On to Tokyo
THE GAME OF MY LIFE - Bill Velasco (The Philippine Star) - January 13, 2020 - 12:00am

The tempo is picking up. With six months left before the Tokyo Olympics, national sports associations and the Philippine Sports Commission are increasing their efforts to get more Filipino athletes qualified for the Games. There are several qualifiers in different sports over the next four months, so our athletes are scrambling to catch the last bus for a shot at Olympic glory and the riches that come with it. Four years of preparation - at least - for a lifetime of security. But the right to be called an Olympian alone is a singular accomplishment.

Right now, members of the PSC board are making the rounds of all the athletes’ training sites, to see for themselves how things are going. All the country’s best individual athletes have entire teams behind them, as it should be, but the commission is watching over them in person. This time, even Chairman Butch Ramirez wants to know firsthand how national athletes abroad are doing, something that was taken for granted by past administrations. Now, activating their visitorial and oversight powers, the board members are making sure they know where all the money spent really ends up. After all, the culture of other countries may influence the athletes while they are there.

Of course, the first step is getting there.
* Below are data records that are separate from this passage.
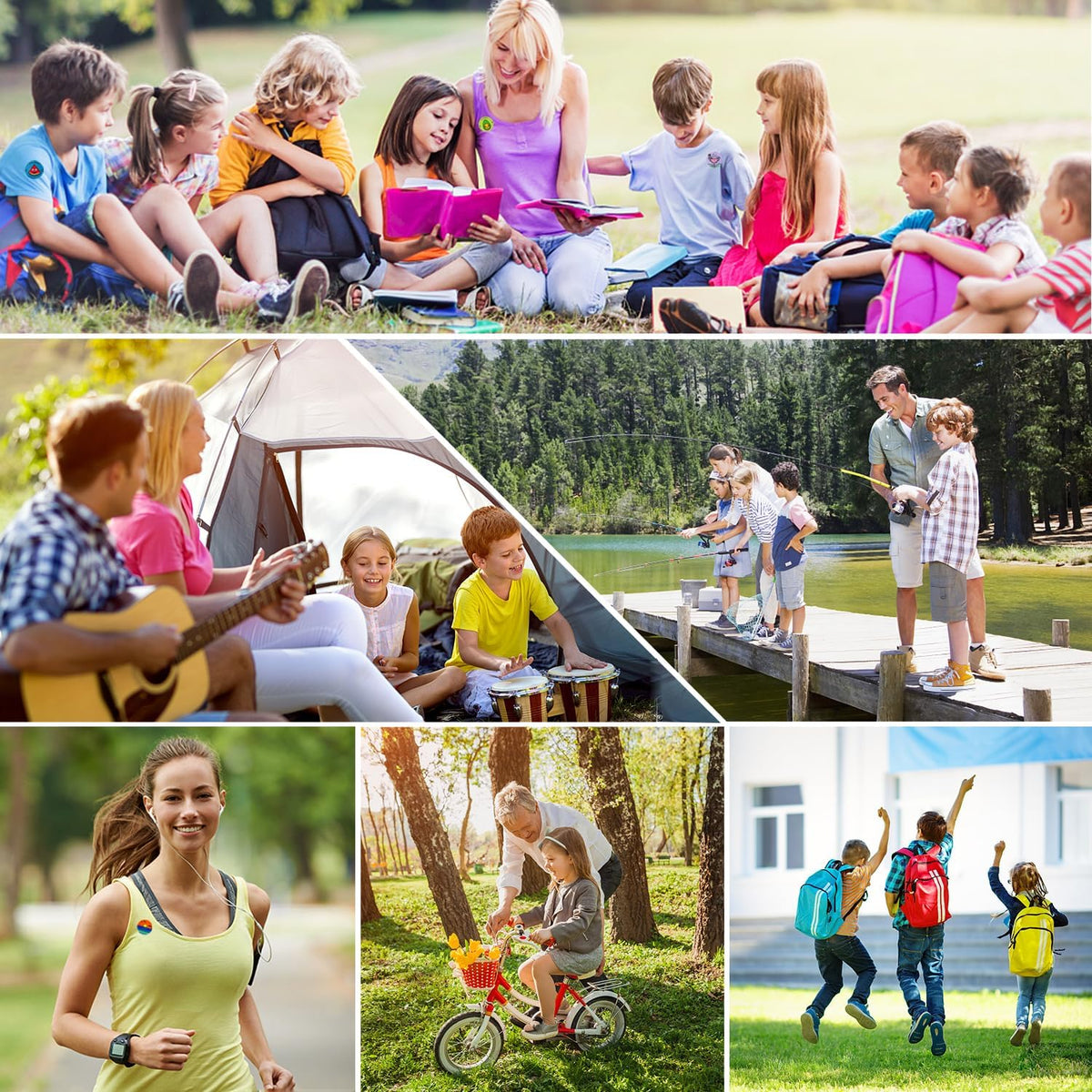 Skiennix Mosquito Repellent Stickers - 300 Pack for Kids & Adults | Natural Plant-Based with 6 Bracelets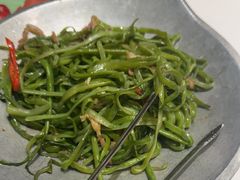 -海派美食·家宴海鲜青岛菜·石锅鲽鱼头(东方城店)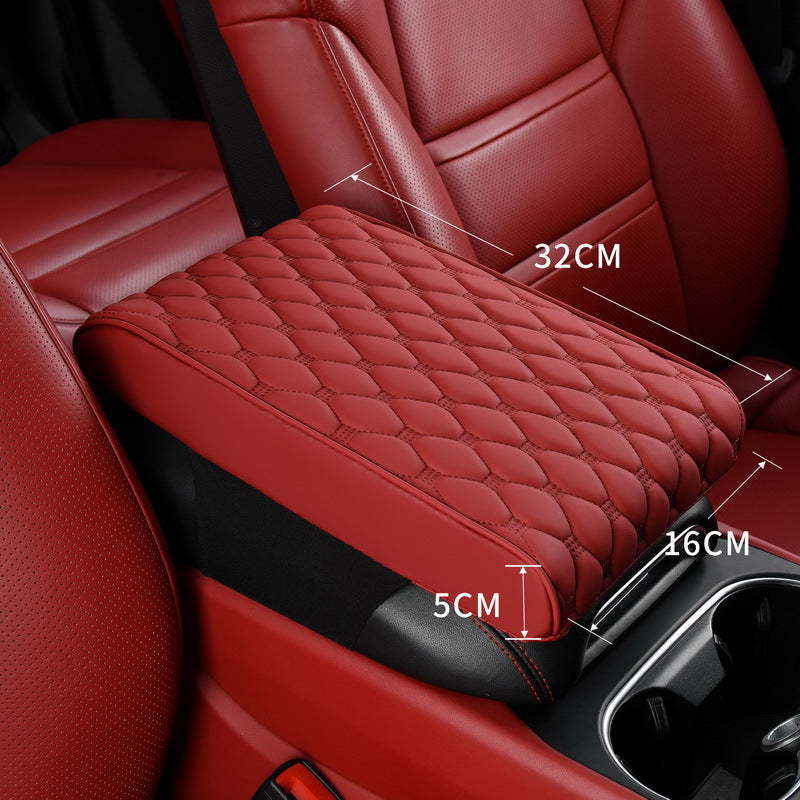 Car Armrest Cushion Soft Comfortable Support For Driving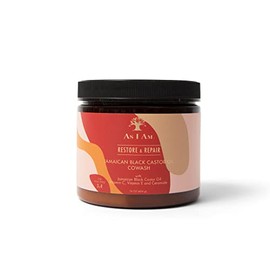 As I Am Aceite de ricino negro jamaicano, 16 onzas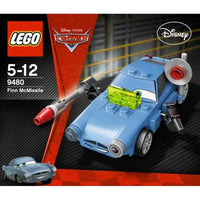 Finn McMissile LEGO Cars 9480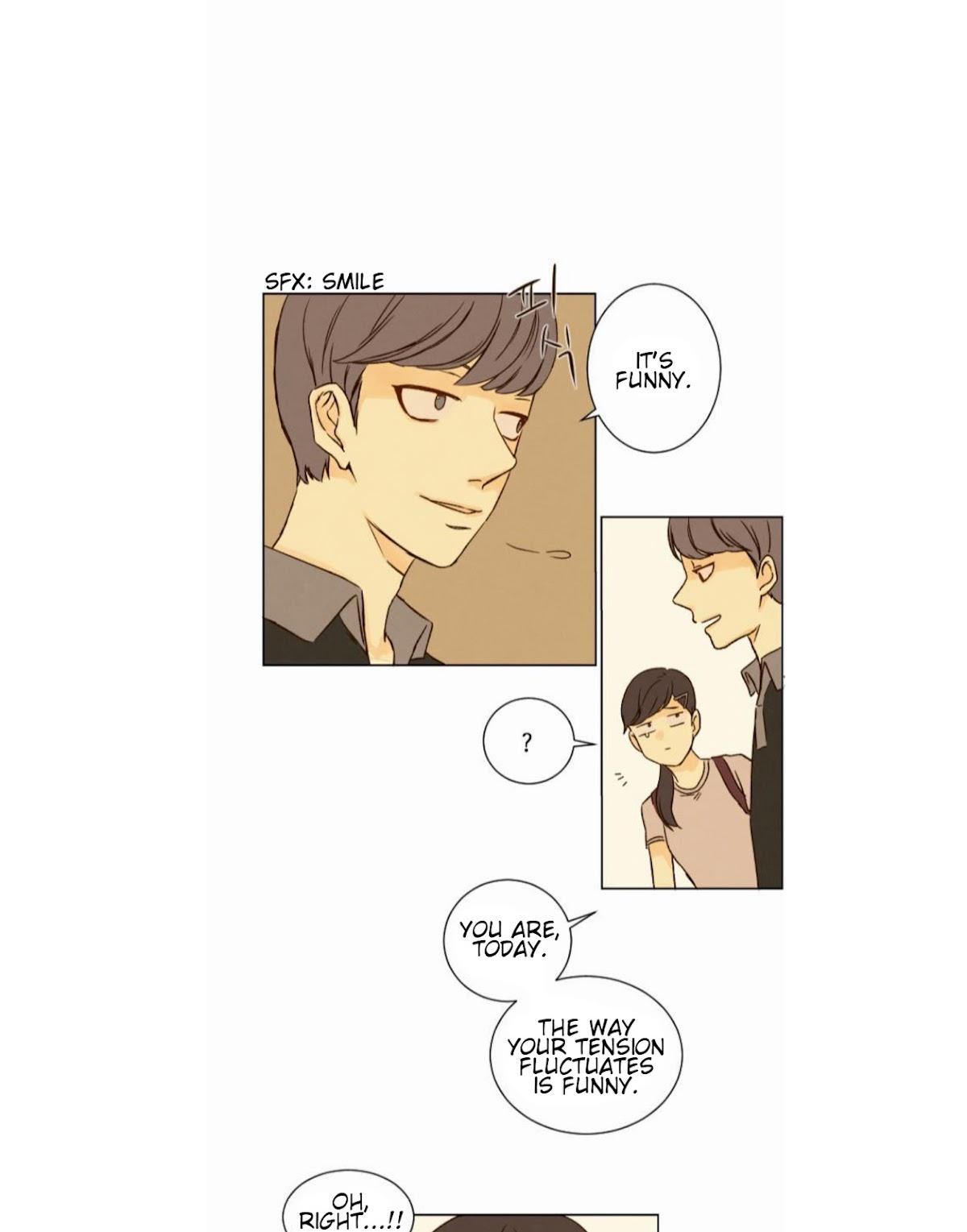 That Summer (KIM Hyun) Chapter 20 page 30 - Chapter 20: Why Do You Care?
The process of qualifying alone is daunting, and quickly trims down the field. Hundreds of athletes fan out all over the globe, but only so few break through to the Olympics themselves. In 2007, before the current administration of ABAP took over, only Hary Tañamor qualified for Beijing. That’s how tough it is. As it stands, the Philippines will likely have only a handful of strong qualifiers. Right now, you could count on one hand those who have already made it. That number is not going to rise dramatically. 

Ironically, the Philippines could field a battalion of world champion athletes, albeit in non-Olympic sports. In 1988, bowling was demonstrated at the Seoul Olympics, and Arianne Cerdeña won a gold medal. At least twice, foreign contingents have invited Filipino billiards champions to campaign for cue sports’ inclusion, only to back out after they were repeatedly and resoundingly beaten in exhibitions. Jiu-jitsu would be an almost certain medal for the Philippines in Olympic competition, as would outdoor sports like skateboarding. If pistol shooting were an Olympic event, the country would surely medal. Bodybuilding would be another potential medal winner for Filipino athletes, along with mixed martial arts. There is just an abundance of talent. Unfortunately, it’s outside the Olympic fence.
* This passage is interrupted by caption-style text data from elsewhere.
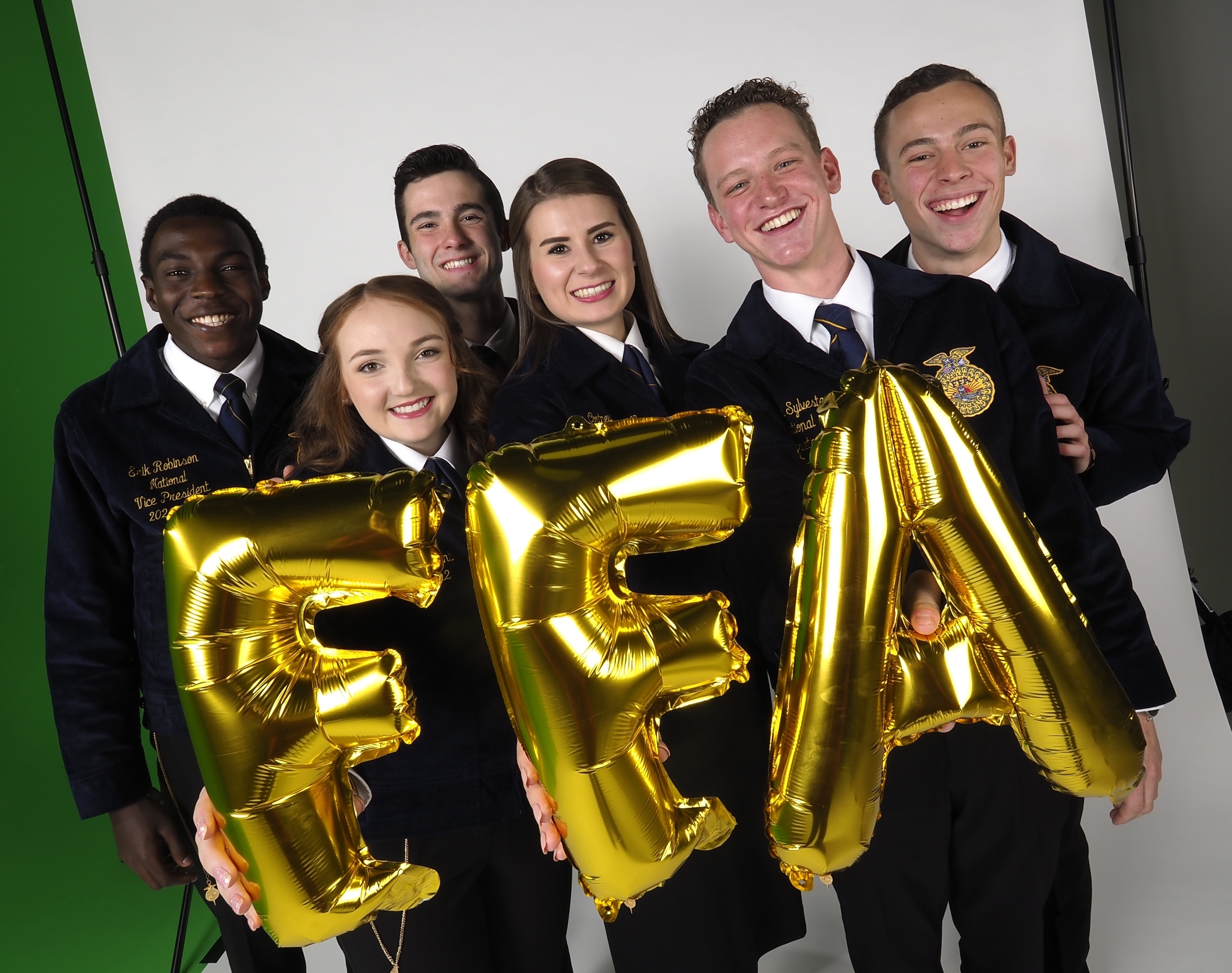For nearly a century, national blue and corn gold have signified and strengthened the FFA brand.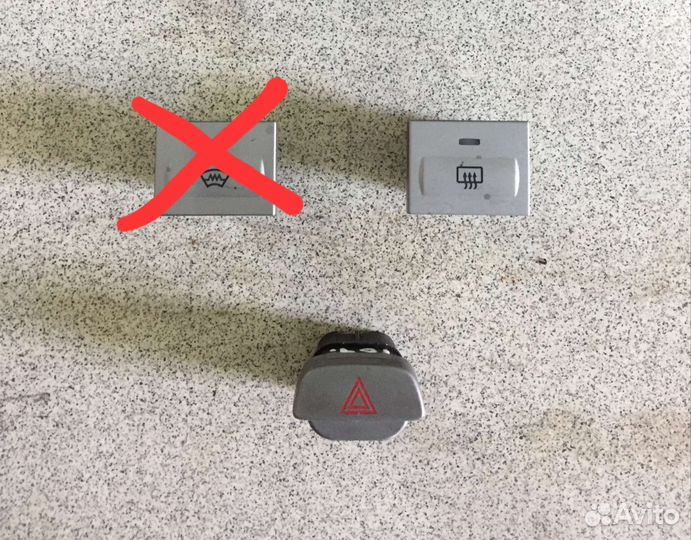 Кнопка Ford Focus 2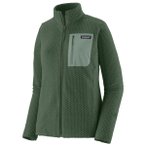 Patagonia - Women's R1 Air Jacket - Fleecejacke Gr L oliv/grün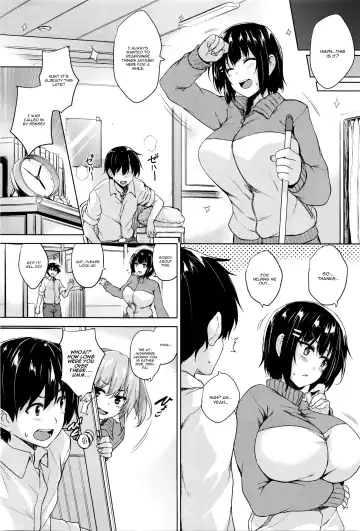 [Goban] Soukyuu Love Attack Ch. 2 Fhentai - Page 4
Be that as it may, there have also been Filipino athletes who have already won Olympic gold medals, unfortunately for the United States. The aptly named Victoria Manalo (aka Vicki Draves) won two gold medals in platform diving in London in 1948. She also coached American divers to at least four more golds in succeeding Games. Her father was Filipino, and she grew up in the San Francisco area, where a park is named after her. We have also heard that American athletes with Filipino heritage have won Olympic gold medals in women’s volleyball and women’s football. So we know it’s possible.
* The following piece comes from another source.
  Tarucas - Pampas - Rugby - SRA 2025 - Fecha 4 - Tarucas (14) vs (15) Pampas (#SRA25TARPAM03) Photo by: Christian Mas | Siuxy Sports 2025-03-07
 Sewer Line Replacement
Once you do get to the Olympics, there are still adjustments to the weather, temperature, food, water, accommodations, time difference, and so on. Travel time between venues and athletes’ quarters factors in. Time difference and the need for an interpreter are considerations. Time between heats are also a big deal. You have to be prepared for various contingencies. The luck of the draw is also a major factor. 

The present estimate is that the Philippines will have a delegation of about 15, including coaches. The small number, though, will be the distillation, concentration and summation of all our efforts. Let’s bear in mind also that we have been cheated out of Olympic gold medals at least twice in our history. In 1936 in Berlin, the US was allowed by the German organizers to break the rules in men’s basketball, at the expense of the Philippine Islands. And in 1996, Onyok Velasco was clearly and publicly cheated out of a gold medal in boxing, simply because his opponent Daniel Bojilov was the lone surviving countryman of the head of AIBA.

All things considered, this writer has a good feeling about the Tokyo Olympics.